JESON KELMAN - Há hoje um pano de fundo ruim para as distribuidoras de maneira geral, com um certo frenesi com o mercado livre e a GD [geração distribuída, especialmente energia solar], que diminui os custos para alguns consumidores, mas aumento para maioria do mercado cativo [onde estão grande parte das residências e pequenos comércios], o que também aumenta a inadimplência. Temos esse problema generalizado, que estica a corta para as distribuidoras no país.

P. - Uma das prejudicadas é a Light, então?

JK - Começam a pipocar problemas nas mais frágeis. A Light, junto com a distribuidora do Amazonas, são as mais frágeis, pelos problemas que a gente já conhece, perdas não técnicas [furto de energia, por exemplo]. Mas foi a queda de braço entre credores, acionistas, administradores, acionistas e a população em geral que levou ao pedido de recuperação judicial feito pela holding.
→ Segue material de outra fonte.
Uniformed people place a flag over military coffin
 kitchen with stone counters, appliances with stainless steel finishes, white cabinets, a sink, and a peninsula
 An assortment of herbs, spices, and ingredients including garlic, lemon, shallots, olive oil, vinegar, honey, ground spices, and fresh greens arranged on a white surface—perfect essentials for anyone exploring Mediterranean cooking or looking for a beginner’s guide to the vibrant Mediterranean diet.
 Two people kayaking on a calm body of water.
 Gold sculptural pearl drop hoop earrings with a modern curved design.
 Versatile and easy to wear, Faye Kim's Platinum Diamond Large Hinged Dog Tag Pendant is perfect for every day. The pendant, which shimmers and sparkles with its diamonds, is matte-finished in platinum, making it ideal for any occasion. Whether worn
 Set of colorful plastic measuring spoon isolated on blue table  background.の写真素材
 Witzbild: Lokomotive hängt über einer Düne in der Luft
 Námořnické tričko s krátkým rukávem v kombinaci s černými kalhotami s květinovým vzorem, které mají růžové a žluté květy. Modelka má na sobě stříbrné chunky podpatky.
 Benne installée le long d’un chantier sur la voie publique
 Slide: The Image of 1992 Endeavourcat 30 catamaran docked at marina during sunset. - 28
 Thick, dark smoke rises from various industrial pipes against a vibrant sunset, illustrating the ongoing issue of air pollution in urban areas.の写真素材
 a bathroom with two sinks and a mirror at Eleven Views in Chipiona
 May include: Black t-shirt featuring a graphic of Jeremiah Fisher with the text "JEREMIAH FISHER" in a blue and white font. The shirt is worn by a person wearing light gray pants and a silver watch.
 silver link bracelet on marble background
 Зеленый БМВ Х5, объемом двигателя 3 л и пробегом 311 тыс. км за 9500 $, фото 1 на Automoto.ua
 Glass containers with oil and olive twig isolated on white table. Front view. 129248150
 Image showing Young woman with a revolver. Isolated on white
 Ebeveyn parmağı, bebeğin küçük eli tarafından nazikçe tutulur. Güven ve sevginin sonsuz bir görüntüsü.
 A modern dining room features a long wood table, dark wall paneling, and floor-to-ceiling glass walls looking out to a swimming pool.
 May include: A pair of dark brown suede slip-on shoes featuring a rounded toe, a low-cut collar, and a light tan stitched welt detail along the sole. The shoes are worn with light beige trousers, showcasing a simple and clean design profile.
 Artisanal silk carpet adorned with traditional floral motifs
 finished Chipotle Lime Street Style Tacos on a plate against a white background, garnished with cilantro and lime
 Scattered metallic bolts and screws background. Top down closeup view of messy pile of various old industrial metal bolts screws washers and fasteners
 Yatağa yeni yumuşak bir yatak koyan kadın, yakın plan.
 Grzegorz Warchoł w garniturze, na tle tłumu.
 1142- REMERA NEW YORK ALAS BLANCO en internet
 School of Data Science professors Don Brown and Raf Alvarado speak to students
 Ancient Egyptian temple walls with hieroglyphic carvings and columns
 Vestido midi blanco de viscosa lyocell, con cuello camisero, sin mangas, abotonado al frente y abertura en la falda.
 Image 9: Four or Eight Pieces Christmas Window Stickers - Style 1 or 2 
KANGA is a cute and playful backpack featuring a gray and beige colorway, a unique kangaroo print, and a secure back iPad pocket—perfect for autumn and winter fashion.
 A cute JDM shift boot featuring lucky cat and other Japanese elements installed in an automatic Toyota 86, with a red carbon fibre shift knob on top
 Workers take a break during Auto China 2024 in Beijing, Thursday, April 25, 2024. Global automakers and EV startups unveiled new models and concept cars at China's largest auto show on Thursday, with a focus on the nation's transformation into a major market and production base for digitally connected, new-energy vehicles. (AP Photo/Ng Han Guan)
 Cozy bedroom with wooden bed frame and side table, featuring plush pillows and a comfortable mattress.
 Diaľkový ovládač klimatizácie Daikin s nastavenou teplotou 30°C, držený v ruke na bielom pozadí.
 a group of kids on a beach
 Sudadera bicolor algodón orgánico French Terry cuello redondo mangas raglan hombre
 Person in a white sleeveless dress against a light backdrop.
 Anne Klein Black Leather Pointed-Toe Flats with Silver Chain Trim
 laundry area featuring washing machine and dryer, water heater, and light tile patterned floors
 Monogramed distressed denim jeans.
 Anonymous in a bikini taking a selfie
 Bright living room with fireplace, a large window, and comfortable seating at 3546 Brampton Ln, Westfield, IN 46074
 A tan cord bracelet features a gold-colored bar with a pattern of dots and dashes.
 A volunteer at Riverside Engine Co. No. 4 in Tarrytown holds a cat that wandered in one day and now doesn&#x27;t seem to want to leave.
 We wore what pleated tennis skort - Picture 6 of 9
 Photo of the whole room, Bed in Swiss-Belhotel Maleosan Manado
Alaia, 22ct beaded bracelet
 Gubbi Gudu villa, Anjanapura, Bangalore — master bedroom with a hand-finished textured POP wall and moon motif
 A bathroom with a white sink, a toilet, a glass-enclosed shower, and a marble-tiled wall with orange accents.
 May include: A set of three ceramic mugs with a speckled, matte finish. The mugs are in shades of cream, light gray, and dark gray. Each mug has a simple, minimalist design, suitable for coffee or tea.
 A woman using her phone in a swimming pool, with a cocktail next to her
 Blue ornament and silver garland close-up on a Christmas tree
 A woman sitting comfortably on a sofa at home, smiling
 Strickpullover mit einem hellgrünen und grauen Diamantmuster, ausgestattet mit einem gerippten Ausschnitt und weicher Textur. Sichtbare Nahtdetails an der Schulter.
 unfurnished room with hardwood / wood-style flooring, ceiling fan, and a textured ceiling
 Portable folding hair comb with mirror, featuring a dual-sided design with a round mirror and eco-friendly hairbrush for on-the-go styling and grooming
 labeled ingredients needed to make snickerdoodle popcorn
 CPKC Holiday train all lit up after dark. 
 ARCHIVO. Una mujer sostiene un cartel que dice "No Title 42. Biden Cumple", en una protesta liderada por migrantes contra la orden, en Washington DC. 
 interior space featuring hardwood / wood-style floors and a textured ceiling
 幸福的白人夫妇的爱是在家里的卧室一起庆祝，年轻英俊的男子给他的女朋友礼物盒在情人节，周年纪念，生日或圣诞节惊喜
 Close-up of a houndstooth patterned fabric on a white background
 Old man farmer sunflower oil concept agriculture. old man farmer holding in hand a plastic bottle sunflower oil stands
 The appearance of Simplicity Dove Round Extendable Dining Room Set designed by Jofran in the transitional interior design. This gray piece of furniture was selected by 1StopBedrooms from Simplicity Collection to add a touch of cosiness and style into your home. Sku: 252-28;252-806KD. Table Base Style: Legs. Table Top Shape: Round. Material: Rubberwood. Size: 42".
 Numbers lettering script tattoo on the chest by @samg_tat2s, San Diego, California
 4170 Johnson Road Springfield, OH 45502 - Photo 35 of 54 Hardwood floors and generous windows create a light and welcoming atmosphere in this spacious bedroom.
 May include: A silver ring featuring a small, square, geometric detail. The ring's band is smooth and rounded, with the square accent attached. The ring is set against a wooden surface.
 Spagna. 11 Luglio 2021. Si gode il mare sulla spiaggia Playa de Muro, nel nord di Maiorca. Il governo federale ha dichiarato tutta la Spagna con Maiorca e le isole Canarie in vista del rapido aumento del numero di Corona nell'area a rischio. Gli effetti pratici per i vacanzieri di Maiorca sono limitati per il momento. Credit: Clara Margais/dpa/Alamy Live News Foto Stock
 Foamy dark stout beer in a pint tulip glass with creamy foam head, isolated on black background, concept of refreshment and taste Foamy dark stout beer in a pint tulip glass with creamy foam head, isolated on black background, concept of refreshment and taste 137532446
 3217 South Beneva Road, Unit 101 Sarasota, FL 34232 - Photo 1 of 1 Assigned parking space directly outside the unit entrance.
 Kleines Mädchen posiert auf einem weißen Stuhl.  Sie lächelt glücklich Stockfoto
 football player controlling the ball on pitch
Tem uma lei impedindo distribuidora de pedir recuperação judicial. Essa lei, de 2012, é da época do Grupo Rede. A holding do grupo Rede entrou em RJ, e as concessionárias, debaixo da holding eram saudáveis. A preocupação, então, era que o problema da holding não prejudicasse a operação das empresas. A distribuidora é a porta de entrada do sistema elétrico, então, [tem] a ideia de ela não poder pedir RJ. Busca proteger o setor, que é todo interligado, de um efeito sistêmico.

Aqui está ocorrendo o contrário. A dívida está na concessionária, e a holding tenta evitar uma situação de extrema gravidade.

P. - Como o problema poderia evoluir?

JK - O pânico no caso da Light foi se instalando depois da contratação da Laplace [empresa de reestruturação] e com a contaminação do caso das Lojas Americanas. A Light, então, buscou proteção de uma liminar, que estabelecia uma negociação entre a companhia e os seus credores, e dava 30 dias para que as partes tentassem chegar a uma solução. A liminar poderia ser neutralizada, o que seria catastrófico.

P. - O que se conta no mercado é que alguns credores estavam muito empenhados em tentar derrubar a cautelar.

JK - Poderia haver uma corrida ao caixa da distribuidora e ela ficaria sem condição de operar. Quando a própria Light pede a RJ, via holding, é uma ação preventiva. No fundo, isso é uma tentativa de proteger o caixa da distribuidora. É isso ou uma intervenção da Aneel. É claro que tem um monte de coisa ruim aí. Você precisa proteger a distribuidora, mas isso também é ruim, sob o ponto vista do mercado de capitais. Não é bom para o país uma situação que sugere risco de perdas para credores.

Alguns especialistas viram na medida, do jeito que foi feita, uma manobra que fere a lei. Nem os administradores da Light, nem os da Aneel poderiam deixar que o caixa da distribuidora fosse atacado. Eles têm de buscar alguma saída. Se os advogados entenderam que havia uma chance disso acontecer, responsavelmente, a Light precisava agir para proteger o caixa da distribuidora. E a Aneel precisa ter a mesma preocupação. Não podem permitir um colapso do serviço público.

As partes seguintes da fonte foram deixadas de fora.